Le fait que le Parlement européen, seule institution directement élue par les citoyens, ait été promu en co-législateur de l’Union a alors été salué comme apportant plus de légitimité démocratique.

Paradoxalement, en matière de révision du statut du personnel, le fait de revaloriser un acteur dans la procédure législative a eu comme effet d’en marginaliser un autre, celui-là même qui était pourtant directement concerné : le personnel et ses organisations représentatives.

Réforme 2004 – 10 ans en arrière, et avant le traité de Lisbonne, une grande réforme avait été apportée au statut, celle de 2004. Or, celle-là avait fait l’objet de négociations sérieuses avec les organisations syndicales et professionnelles (OSP), ce qui est même mentionné dans son considérant 38 : «Considérées dans leur ensemble, les mesures de modernisation de la carrière et les mesures financières ont été acceptées par les organisations représentatives du personnel consultées dans le cadre de la commission de concertation instituée par la décision du Conseil du 23 juin 1981.».

Cette commission de concertation tripartite (dite CoCo) était composée : i) d’un représentant de chaque État membre, ii) d’un nombre égal de représentants du personnel désignés par les OSP et iii) du chef de l’administration de chaque institution.
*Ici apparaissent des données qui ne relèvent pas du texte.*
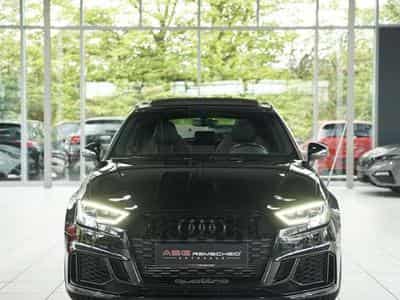 Audi RS3 2.5 TFSI quattro*Schale*Pano*RS-AGA*1H*B&O* (2019) - Photo 5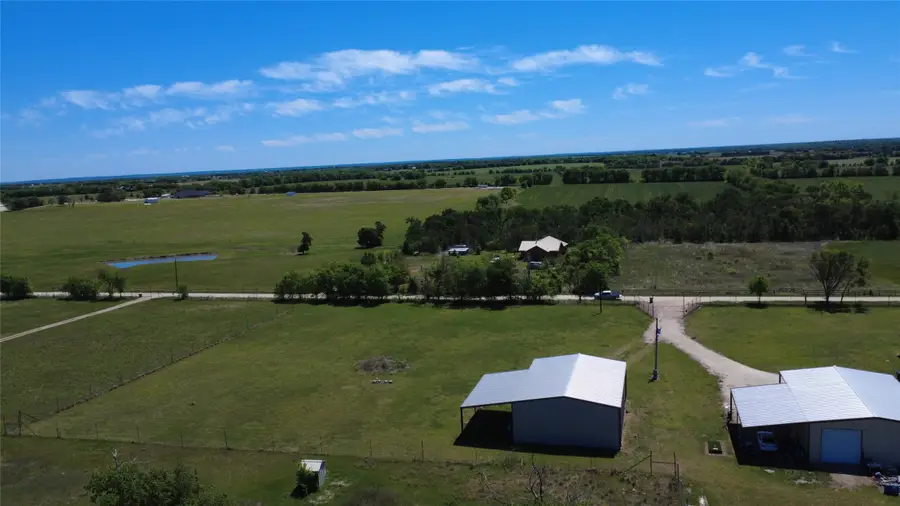 405 County Road 121, Marlin, TX 76661 - #2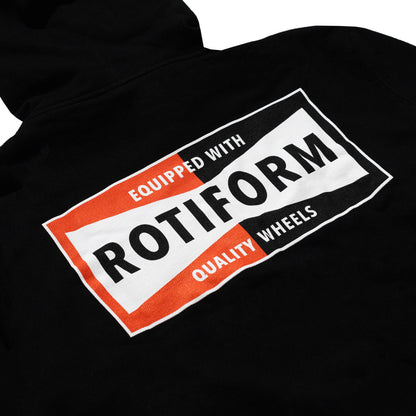 Rotiform NEED THAT PLUG Pullover Hoodie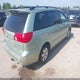 5TDZK23CX8S216515 2008 Toyota Sienna Le auction photo thumbnail 4
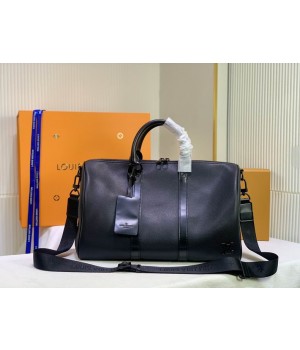 Louis Vuitton Travel bags Keepall M57088 42x26x20 cm cs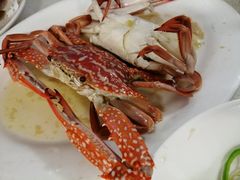 -华源餐厅·海鲜大排档(日月贝店)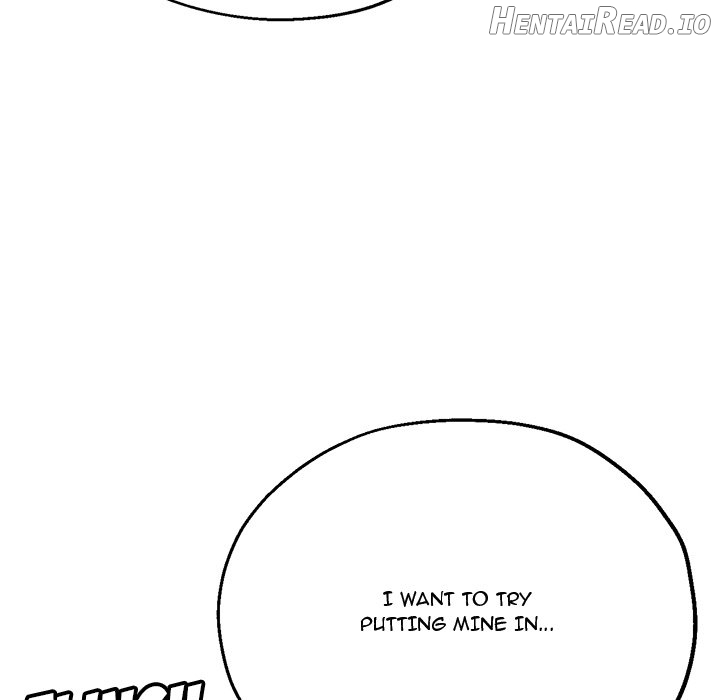 Stretched Out Love Chapter 39 - page 87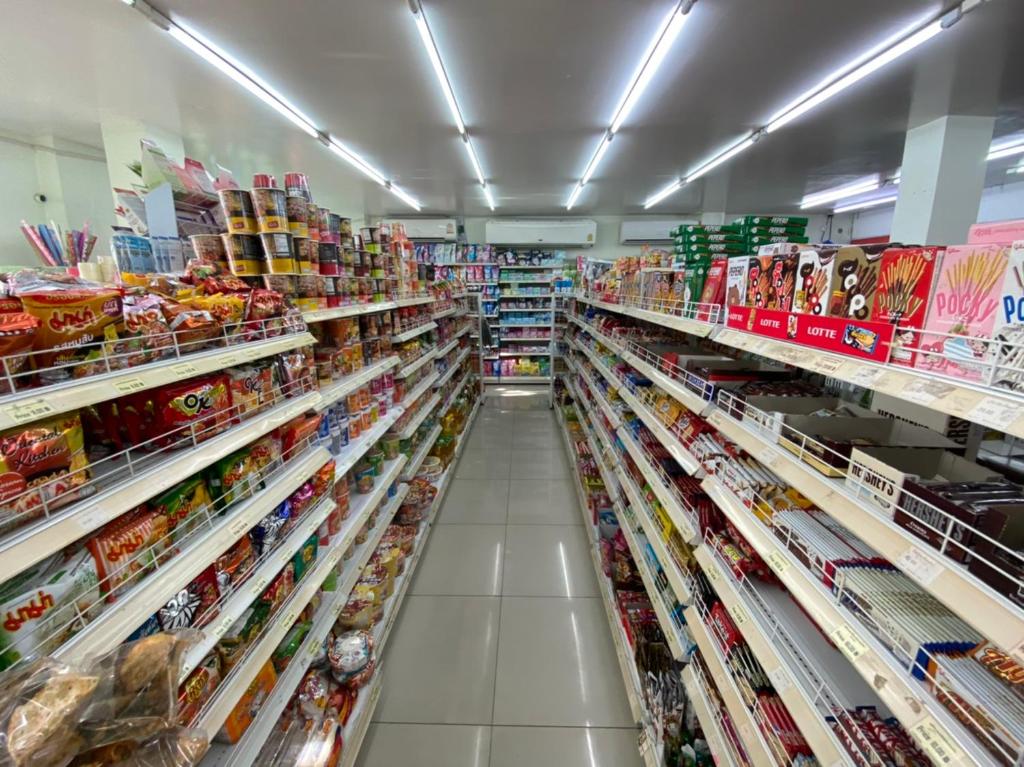 Lucky Green View - Resim 12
En vue de la réforme 2004, la CoCo avait réuni les ambassadeurs non seulement des 15 États membres, mais aussi ceux des 10 États en voie d’adhésion.

Réforme 2014 – Par contre, en 2013, cette CoCo s’est avérée trop étroite pour offrir aux yeux du nouveau venu, le PE, une place digne de son rang. À une négociation formelle avec les OSP, ce dernier a en effet préféré «des moyens plus directs et flexibles» pour «écouter l’avis des représentants du personnel avant de légiférer». Quant à la CoCo elle-même, elle ne s’est jamais réunie dans sa composition plénière, c’est-à-dire avec les représentants des États membres.

Dans le cadre du nouveau «trilogue» (COM, Conseil, PE), les OSP ont été perçues comme susceptibles de perturber un équilibre difficile à atteindre entre acteurs institutionnels dans un calendrier serré (v. historique par EPSU CJ, 26 Sep 2013).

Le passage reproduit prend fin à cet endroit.